§ **Exercise directions**:
Set out exactly every line of the entries below, starting at the line that holds "Plaza stablestol fra Innova Group i svart" and stopping after the line that holds "Mark Kennedy had".

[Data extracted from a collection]

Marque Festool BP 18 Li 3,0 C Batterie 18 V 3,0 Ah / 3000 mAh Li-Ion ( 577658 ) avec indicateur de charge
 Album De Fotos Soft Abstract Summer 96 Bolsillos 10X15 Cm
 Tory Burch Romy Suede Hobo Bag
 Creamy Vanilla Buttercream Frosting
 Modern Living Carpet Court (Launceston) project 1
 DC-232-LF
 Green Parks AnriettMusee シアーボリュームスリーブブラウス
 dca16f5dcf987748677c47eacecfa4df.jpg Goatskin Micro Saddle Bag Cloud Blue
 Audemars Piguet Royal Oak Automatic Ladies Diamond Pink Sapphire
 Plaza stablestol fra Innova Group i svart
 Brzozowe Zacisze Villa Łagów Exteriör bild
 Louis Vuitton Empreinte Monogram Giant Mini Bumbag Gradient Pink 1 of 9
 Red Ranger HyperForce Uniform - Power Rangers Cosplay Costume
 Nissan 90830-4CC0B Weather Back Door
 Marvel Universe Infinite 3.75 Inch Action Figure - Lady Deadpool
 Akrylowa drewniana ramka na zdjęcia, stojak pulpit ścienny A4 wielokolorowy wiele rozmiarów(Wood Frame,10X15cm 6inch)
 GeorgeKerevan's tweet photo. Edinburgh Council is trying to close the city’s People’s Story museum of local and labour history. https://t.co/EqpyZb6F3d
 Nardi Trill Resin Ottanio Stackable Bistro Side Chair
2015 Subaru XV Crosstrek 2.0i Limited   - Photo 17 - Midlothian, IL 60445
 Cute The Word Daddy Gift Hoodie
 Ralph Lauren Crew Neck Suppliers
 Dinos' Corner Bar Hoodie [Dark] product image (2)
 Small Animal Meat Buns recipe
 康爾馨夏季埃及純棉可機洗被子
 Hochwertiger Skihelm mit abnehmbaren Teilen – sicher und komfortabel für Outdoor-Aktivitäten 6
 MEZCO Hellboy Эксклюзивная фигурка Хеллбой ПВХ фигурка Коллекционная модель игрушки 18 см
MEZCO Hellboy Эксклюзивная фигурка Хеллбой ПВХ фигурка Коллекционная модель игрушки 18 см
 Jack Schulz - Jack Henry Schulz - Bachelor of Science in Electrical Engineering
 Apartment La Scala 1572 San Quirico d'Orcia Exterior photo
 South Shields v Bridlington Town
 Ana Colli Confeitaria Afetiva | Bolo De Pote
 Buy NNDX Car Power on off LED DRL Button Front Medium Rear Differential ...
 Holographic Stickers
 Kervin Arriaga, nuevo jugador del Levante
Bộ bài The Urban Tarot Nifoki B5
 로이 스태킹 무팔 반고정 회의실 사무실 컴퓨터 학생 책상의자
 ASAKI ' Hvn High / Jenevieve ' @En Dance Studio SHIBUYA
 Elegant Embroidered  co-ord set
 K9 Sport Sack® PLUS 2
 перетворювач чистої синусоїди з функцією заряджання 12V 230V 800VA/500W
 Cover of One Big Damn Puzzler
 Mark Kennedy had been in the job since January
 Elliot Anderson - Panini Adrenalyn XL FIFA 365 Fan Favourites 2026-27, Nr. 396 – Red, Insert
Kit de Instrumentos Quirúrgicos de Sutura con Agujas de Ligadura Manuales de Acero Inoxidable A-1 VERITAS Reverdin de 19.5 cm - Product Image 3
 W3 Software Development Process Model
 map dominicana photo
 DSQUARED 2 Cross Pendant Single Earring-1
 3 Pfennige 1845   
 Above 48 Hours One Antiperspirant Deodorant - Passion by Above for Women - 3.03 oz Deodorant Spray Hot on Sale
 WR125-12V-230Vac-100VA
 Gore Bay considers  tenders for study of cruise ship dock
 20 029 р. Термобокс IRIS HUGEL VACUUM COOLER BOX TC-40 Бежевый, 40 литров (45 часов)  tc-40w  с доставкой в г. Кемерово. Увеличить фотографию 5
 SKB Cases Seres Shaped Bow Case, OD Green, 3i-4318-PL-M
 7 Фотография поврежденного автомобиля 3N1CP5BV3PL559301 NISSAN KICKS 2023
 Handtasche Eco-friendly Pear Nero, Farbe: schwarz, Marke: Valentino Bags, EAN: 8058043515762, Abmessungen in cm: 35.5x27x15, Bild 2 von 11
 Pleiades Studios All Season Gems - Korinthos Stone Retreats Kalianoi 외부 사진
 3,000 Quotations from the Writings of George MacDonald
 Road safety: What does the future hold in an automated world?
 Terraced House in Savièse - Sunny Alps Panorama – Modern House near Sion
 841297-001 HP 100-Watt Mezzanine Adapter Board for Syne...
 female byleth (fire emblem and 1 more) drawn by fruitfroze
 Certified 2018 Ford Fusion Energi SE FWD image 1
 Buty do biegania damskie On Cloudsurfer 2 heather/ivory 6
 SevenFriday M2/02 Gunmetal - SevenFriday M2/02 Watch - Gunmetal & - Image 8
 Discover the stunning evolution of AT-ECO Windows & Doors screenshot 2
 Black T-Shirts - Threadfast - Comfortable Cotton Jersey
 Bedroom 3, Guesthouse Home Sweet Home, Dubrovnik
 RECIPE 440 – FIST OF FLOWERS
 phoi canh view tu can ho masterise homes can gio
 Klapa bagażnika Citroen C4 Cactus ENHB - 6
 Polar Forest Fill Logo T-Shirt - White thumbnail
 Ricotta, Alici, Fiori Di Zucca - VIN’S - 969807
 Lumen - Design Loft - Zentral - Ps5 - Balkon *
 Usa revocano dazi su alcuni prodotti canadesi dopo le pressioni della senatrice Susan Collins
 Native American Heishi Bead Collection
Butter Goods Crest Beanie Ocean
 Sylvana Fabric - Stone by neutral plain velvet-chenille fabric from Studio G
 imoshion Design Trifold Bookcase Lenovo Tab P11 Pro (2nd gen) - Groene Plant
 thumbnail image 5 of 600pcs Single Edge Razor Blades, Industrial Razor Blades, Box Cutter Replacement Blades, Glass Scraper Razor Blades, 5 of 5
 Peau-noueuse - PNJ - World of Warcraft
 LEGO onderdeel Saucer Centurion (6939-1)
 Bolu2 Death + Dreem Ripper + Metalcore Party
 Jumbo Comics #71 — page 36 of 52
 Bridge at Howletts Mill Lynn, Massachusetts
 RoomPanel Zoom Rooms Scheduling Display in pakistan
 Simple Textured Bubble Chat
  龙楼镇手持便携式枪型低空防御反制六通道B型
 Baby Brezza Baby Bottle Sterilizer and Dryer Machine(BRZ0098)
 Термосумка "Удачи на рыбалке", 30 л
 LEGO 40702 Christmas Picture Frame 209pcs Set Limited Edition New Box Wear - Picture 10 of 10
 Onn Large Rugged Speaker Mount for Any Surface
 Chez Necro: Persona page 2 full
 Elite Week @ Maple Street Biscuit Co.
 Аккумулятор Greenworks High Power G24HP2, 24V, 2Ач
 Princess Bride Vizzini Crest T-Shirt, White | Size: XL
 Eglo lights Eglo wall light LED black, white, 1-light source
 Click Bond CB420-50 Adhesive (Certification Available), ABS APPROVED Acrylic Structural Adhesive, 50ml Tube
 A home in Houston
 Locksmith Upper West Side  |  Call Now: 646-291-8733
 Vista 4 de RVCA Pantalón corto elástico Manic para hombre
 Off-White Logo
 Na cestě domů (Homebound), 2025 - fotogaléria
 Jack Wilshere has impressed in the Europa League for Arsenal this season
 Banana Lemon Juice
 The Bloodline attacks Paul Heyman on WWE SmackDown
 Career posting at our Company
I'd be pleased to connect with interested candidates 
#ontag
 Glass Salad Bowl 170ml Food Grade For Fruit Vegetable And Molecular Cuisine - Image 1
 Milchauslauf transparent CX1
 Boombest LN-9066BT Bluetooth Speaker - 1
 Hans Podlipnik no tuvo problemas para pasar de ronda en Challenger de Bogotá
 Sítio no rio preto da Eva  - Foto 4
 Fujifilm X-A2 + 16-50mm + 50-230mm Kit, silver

§ **Result for this exercise**:
 Plaza stablestol fra Innova Group i svart
 Brzozowe Zacisze Villa Łagów Exteriör bild
 Louis Vuitton Empreinte Monogram Giant Mini Bumbag Gradient Pink 1 of 9
 Red Ranger HyperForce Uniform - Power Rangers Cosplay Costume
 Nissan 90830-4CC0B Weather Back Door
 Marvel Universe Infinite 3.75 Inch Action Figure - Lady Deadpool
 Akrylowa drewniana ramka na zdjęcia, stojak pulpit ścienny A4 wielokolorowy wiele rozmiarów(Wood Frame,10X15cm 6inch)
 GeorgeKerevan's tweet photo. Edinburgh Council is trying to close the city’s People’s Story museum of local and labour history. https://t.co/EqpyZb6F3d
 Nardi Trill Resin Ottanio Stackable Bistro Side Chair
2015 Subaru XV Crosstrek 2.0i Limited   - Photo 17 - Midlothian, IL 60445
 Cute The Word Daddy Gift Hoodie
 Ralph Lauren Crew Neck Suppliers
 Dinos' Corner Bar Hoodie [Dark] product image (2)
 Small Animal Meat Buns recipe
 康爾馨夏季埃及純棉可機洗被子
 Hochwertiger Skihelm mit abnehmbaren Teilen – sicher und komfortabel für Outdoor-Aktivitäten 6
 MEZCO Hellboy Эксклюзивная фигурка Хеллбой ПВХ фигурка Коллекционная модель игрушки 18 см
MEZCO Hellboy Эксклюзивная фигурка Хеллбой ПВХ фигурка Коллекционная модель игрушки 18 см
 Jack Schulz - Jack Henry Schulz - Bachelor of Science in Electrical Engineering
 Apartment La Scala 1572 San Quirico d'Orcia Exterior photo
 South Shields v Bridlington Town
 Ana Colli Confeitaria Afetiva | Bolo De Pote
 Buy NNDX Car Power on off LED DRL Button Front Medium Rear Differential ...
 Holographic Stickers
 Kervin Arriaga, nuevo jugador del Levante
Bộ bài The Urban Tarot Nifoki B5
 로이 스태킹 무팔 반고정 회의실 사무실 컴퓨터 학생 책상의자
 ASAKI ' Hvn High / Jenevieve ' @En Dance Studio SHIBUYA
 Elegant Embroidered  co-ord set
 K9 Sport Sack® PLUS 2
 перетворювач чистої синусоїди з функцією заряджання 12V 230V 800VA/500W
 Cover of One Big Damn Puzzler
 Mark Kennedy had been in the job since January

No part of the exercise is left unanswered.